SubQ launches 12M-token SSA model with SubQ Code early access
SubQ launched a sub-quadratic sparse-attention model with a 12 million token context window and opened early access alongside SubQ Code. The company claims 52x faster 1M-token performance than FlashAttention and under 5% of Opus cost, putting long-context coding workflows into a new price and latency band.

TL;DR
- Subquadratic launched SubQ, a new model the company says is built on fully sub-quadratic sparse attention, with alex_whedon's launch thread and the official post both centering a 12 million token context window.
- The company says SubQ is 52x faster than FlashAttention at 1M tokens, cuts attention compute by nearly 1,000x at 12M tokens, and lands at roughly one-fifth the cost of other leading models, according to alex_whedon's launch thread and the SSA explainer.
- Early access opened for three surfaces at once: the API, SubQ Code in the CLI, and SubQ Search, with alex_whedon's follow-up post linking to the request form and the launch post spelling out the private beta lineup.
- The pitch is less about a bigger number than fewer workarounds: hasantoxr's commentary thread frames it as a break from chunking, summaries, and sliding windows, while the official site says SubQ Code can load an entire repository into one context window.
You can read the official launch post, skim the SSA architecture explainer, and poke through the homepage examples, which size the Python 3.13 standard library at about 5.1M tokens and six months of React PRs at about 7.5M. There is also already a tiny Hacker News thread, although the official materials carry most of the actual detail right now.
What shipped
Subquadratic came out of stealth with one model and two product wrappers around it.

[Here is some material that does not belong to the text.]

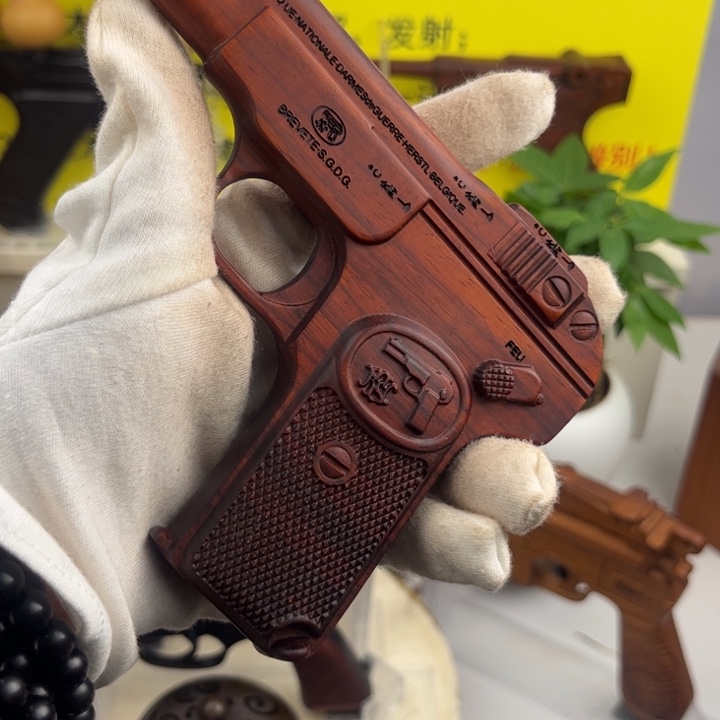 香榧木犀牛角紫檀枪牌撸子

The company is calling the model SubQ 1M-Preview, while the public-facing pitch keeps stressing the larger 12M-token research result.

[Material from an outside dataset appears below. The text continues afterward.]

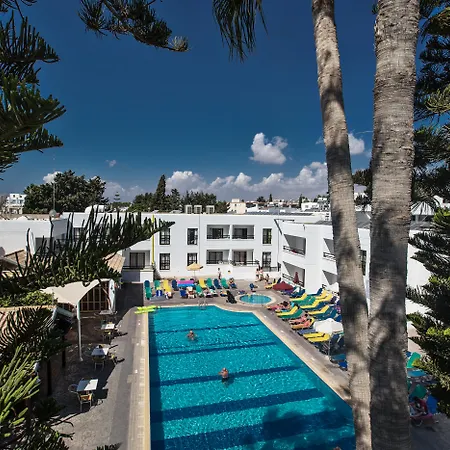 Hotel de apartamente Anthea 3*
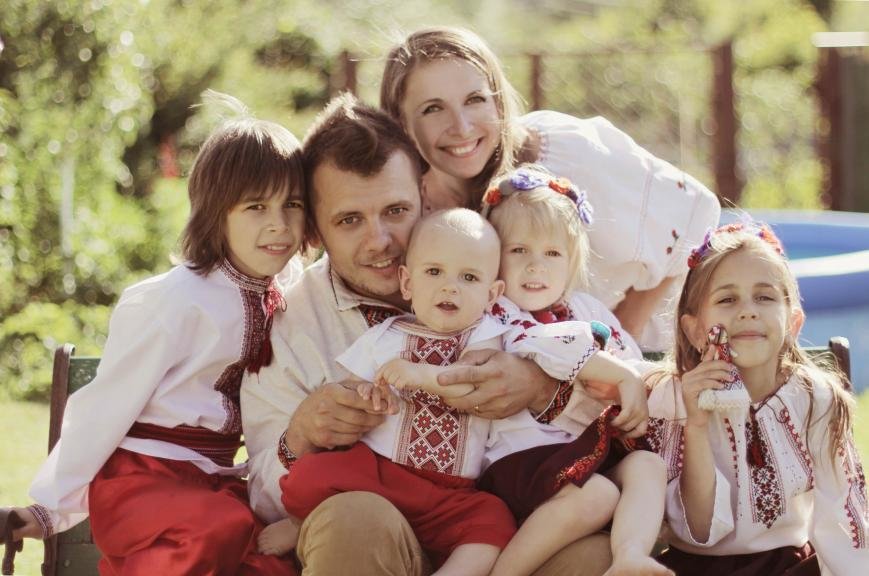 Какие дополнительные выплаты и скидки могут получить многодетные семьи в Одессе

According to the launch post, early access covers:
- API: full-context access for developers and enterprise teams.
- SubQ Code: a CLI coding agent that loads an entire codebase into one context window.
- SubQ Search: a long-context search product pitched as deep research with chatbot speed.

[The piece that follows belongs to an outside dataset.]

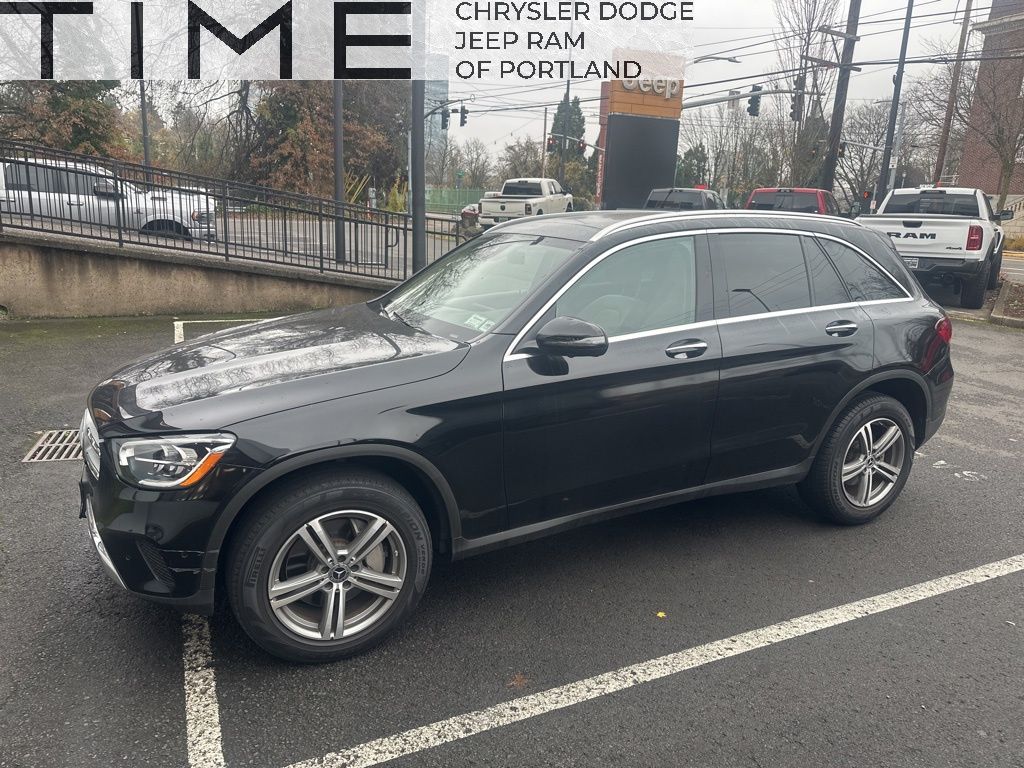 2022 Mercedes-Benz GLC GLC300's photo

The homepage adds a few more operating details: 150 tokens per second, streaming and tool use for the API, and examples built around full repositories, long PR histories, and persistent agent state.
SSA
The architectural claim is the whole story here. In the SSA explainer, Subquadratic says dense attention compares every token with every other token, while SSA uses content-dependent selection to route attention only to the positions that matter.
That is why the company keeps talking about scaling behavior, not just context length. The official materials say compute grows linearly with context length under this design, and the launch post says the research model cuts attention compute by almost 1,000x at 12M tokens.
A lot of the community reaction immediately mapped this to workflow pain. LinusEkenstam's post ties the announcement to teams that spent months building around context collapse with chunking and retrieval, which is basically the exact stack Subquadratic is trying to obsolete.
Benchmarks and economics
Subquadratic is pairing the architecture pitch with a benchmark sheet that aims straight at coding and long-context retrieval. In the launch post, the company reports:
- RULER 128K: 95.0% for SubQ 1M-Preview, versus 94.8% for Claude Opus 4.6.
- MRCR v2: 65.9 for the production model, with an 83 score for a research result.
- SWE-Bench Verified: 81.8, versus 80.8 for Opus 4.6 and 80.0 for DeepSeek 4.0 Pro.
- Architecture-level speed: 52x faster than FlashAttention at 1M tokens, with 63% less compute.
The cost pitch is just as aggressive. alex_whedon's launch thread says SubQ runs at less than 5% the cost of Opus, while the homepage simplifies that to about one-fifth the cost of other leading LLMs. Those are company claims, but they are the reason the launch reads like a coding workflow story rather than a pure model paper story.
SubQ Code
SubQ Code is the clearest creative-tool angle in the launch. The official announcement says the CLI agent can plan, execute, and review across a full repository in a single pass, without the coordination overhead of multi-agent systems.
The product summary attached to the subq.ai homepage sketches the intended workflow more concretely:
- map a full codebase into one context window,
- answer token-heavy questions faster,
- plug into existing coding surfaces like Claude Code, Codex, and Cursor,
- auto-redirect expensive turns, and
- install as a one-line layer on top of existing agent setups.
That makes the launch feel closer to an infrastructure layer for coding agents than a standalone chatbot. The model announcement and the coding agent announcement are effectively the same thing.
Team and backing
The company also used the launch post to disclose a $29 million seed round. The announcement names investors including Javier Villamizar, Justin Mateen of JAM Fund, Grant Gittlin of Lasagna, and Jaclyn Rice Nelson of Coalition Operators.
The post anchors the team around Justin Dangel, co-founder and CEO of Subquadratic, and Alex Whedon, CTO at Subquadratic, and says the research group includes 11 PhD researchers and engineers from Meta, Google, Oxford, Cambridge, ByteDance, Adobe, and Microsoft. For a model company making a first-principles architecture claim, that team section is doing almost as much persuasion work as the benchmark table.